Technically still at war, North Korea and South Korea have been participating as separate nations in international sporting events. Outnumbered by a South Korean squad that is more than four times bigger, North Korean athletes are competing in 11 events from weightlifting to synchronized swimming under the watch of Kim Jong Un, their new leader who is solidifying control over the isolated and impoverished nation after taking power in December.
“North Korea is giving their best performance,” Yang Moo Jin, a Seoul-based professor at University of North Korean Studies, said by phone. “It’s the first Olympics since the Kim Jong Un regime took over, so they’re trying to use it to boost morale for their people and unite them.”
Both Koreas typically perform better in the first week because the Olympics schedule is front-loaded with sports the nations are strong in, such as archery, judo and shooting. South Korea won three golds in each of archery and shooting and two in each of fencing and judo. The remaining events for South Korea include men’s soccer, shooting, weightlifting and boxing, while North Korean synchronized swimmers and divers are competing for more medals. The London games end Aug. 12.
South Korea added a gold yesterday after Jin Jongoh topped the men’s 50-meter pistol shooting.

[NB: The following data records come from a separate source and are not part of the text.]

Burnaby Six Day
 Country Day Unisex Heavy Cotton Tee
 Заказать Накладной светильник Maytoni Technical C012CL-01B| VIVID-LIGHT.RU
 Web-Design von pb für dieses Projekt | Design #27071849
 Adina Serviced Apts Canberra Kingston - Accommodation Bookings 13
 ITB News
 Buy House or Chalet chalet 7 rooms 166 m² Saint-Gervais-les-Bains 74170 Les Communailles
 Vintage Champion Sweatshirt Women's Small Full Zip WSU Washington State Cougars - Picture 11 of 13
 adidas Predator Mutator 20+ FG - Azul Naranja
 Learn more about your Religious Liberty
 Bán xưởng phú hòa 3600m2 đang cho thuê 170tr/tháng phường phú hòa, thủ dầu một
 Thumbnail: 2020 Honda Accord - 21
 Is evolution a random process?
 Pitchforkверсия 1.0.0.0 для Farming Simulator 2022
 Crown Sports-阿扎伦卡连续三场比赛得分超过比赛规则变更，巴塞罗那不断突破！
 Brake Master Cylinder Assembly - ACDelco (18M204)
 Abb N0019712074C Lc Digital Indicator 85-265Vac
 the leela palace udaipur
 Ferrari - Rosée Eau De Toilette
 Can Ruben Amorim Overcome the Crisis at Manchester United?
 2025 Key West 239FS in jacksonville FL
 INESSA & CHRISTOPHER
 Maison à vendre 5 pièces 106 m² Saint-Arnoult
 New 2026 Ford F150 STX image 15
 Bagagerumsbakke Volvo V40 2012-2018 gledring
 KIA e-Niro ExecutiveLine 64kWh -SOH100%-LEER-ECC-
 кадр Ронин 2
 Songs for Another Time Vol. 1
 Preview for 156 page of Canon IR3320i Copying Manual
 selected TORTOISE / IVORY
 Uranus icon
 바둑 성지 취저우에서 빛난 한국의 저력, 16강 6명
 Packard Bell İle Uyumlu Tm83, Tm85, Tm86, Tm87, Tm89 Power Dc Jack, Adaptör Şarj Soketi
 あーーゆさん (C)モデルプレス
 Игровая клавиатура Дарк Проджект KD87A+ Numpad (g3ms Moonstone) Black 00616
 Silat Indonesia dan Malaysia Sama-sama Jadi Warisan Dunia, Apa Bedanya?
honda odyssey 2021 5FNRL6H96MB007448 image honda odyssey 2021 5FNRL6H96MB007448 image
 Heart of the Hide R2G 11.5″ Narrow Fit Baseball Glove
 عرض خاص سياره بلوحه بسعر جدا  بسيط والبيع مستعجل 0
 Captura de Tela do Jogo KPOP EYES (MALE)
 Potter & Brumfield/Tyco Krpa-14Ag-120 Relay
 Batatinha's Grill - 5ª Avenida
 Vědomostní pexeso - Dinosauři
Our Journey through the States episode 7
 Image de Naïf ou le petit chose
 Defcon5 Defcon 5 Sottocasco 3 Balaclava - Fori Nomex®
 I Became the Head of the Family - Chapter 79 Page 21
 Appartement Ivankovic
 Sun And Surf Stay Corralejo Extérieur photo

He’d already won the 10-meter gold.
Female weightlifter Rim Jong Sim became North Korea’s latest gold medalist on Aug. 1. The news “sent another pleasure” to North Koreans, the state-run Korean Central News Agency reported in an English-language dispatch the next day.
“It was so ridiculous for Western media to guess that the Democratic People’s Republic of Korea would snatch only one silver medal” at the London Games, Kim Chang Bom, a North Korean citizen in Pyongyang, was cited as saying in the report.
North Korea will receive more than 3,000 hours of live and recorded television coverage of the London Games through a licensing arrangement between the Asia Pacific Broadcasting Union and the country’s national broadcaster KRT, ABU cited Jacques Rogge, president of the International Olympic Committee, as saying in a statement on July 24.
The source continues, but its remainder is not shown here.